南海トラフなどの不測事態の対策に国家緊急権が必要では?
- 災害対策は平時に準備をしていないとできないものなので、緊急事態条項の有無は関係ない。原発事故で被害が広がったのは、憲法が障害になったからではなく、「原発事故は起きない」という誤った前提のもとで避難計画などが準備されなかったのがいけない。
災害時に縦割り行政や法律の壁が問題となることがある。緊急事態条項があれば解決できるのでは?
- 準備していないことはできない。法律の問題には法律をもって対処せよ。
災害時、ねじれ国会となっていると立法に支障がある。国家緊急権が必要では?
- 災害が起きたときくらい与野党協力して事態解消にあたれ。
世界中でテロが起きている。テロ対策に国家緊急権が必要では?
- 国家緊急権は、平時の統治機構が機能しないときの制度。テロは単なる犯罪であり、法律で対処すべき。(国民保護法、事態対処法)
ハイパーインフレが起きた時、国家緊急権で対処すべきでは?
- テロと同じく統治機構に問題はない。法律で対処すべき。
危険な感染症の流行時、国家緊急権で対処すべきでは?
- 既にインフルエンザ対策法がある。それを準用して法律で対処可能である。
衆議院が任期満了したときに災害があると対処できない(現行憲法では参議院の緊急集会は適用不可)。国家緊急権が必要では?
- その問題は確かに存在する
- しかし、衆議院が任期満了を迎えること自体がレアケース(戦後1回しかない)。災害が重なるケースは更にレア。

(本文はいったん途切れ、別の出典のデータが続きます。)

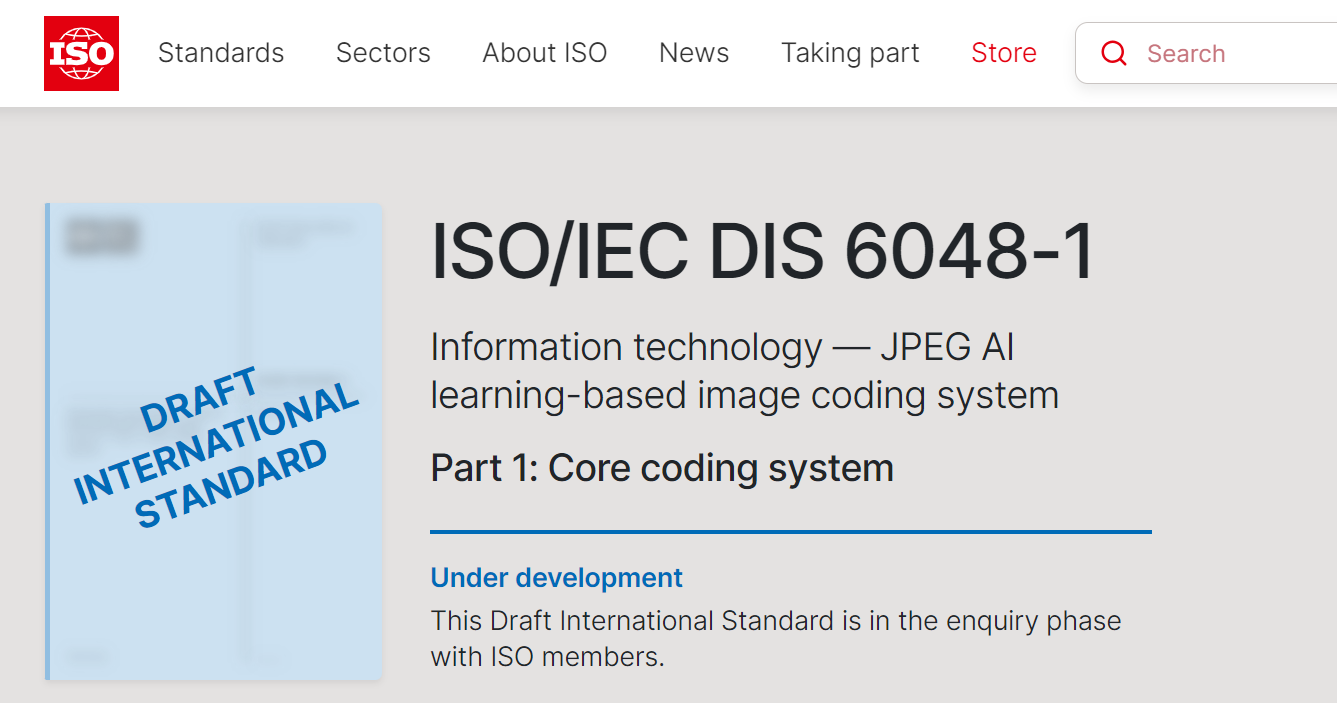 ISO/IEC DIS 6048-1Information technology — JPEG AI learning-based image coding system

- そもそも憲法改正するのであれば、参議院の緊急集会の適用範囲を衆院の任期満了時にも拡大すれば、今の制度の延長で対処できる。その方が簡単なのに、自民党草案で問題が放置されているのはなぜ?
(3)日本国憲法の設立趣旨に反するため
現行憲法の制定時、1946年帝国憲法改正案委員会にて、当時の金森徳次郎国務大臣が国家緊急権をあえて設けていない理由を答弁している。
民主政治ヲ徹底サセテ国民ノ権利ヲ十分擁護致シマス為ニハ、左様ナ場合ノ政 府一存ニ於テ行ヒマスル処置ハ、極力之ヲ防止シナケレバナラヌノデアリマス 言葉ヲ非常ト云フコトニ藉リテ、其ノ大イナル途ヲ残シテ置キマスナラ、ドン ナニ精緻ナル憲法ヲ定メマシテモ、口実ヲ其処ニ入レテ又破壊セラレル虞絶無 トハ断言シ難イト思ヒマス、随テ此ノ憲法ハ左様ナ非常ナル特例ヲ以テ――謂ハ バ行政権ノ自由判断ノ余地ヲ出来ルダケ少クスルヤウニ考ヘタ訳デアリマス、 随テ特殊ノ必要ガ起リマスレバ、臨時議会ヲ召集シテ之ニ応ズル処置ヲスル、 又衆議院ガ解散後デアツテ処置ノ出来ナイ時ハ、参議院ノ緊急集会ヲ促シテ暫 定ノ処置ヲスル、同時ニ他ノ一面ニ於テ、実際ノ特殊ナ場合ニ応ズル具体的ナ 必要ナ規定ハ、平素カラ濫用ノ虞ナキ姿ニ於テ準備スルヤウニ規定ヲ完備シテ 置クコトガ適当デアラウト思フ訳デアリマス、
このような方針のもとで、緊急事態条項はあえて現行憲法に盛り込まれていない。これを覆すだけの理由が自民党草案にはない。
まとめ
結論は70年前に出ていたのだという感じである。金森国務大臣の答弁は説得力がある。
あとはこれに対する再反論を改憲論者から聞いてみたい。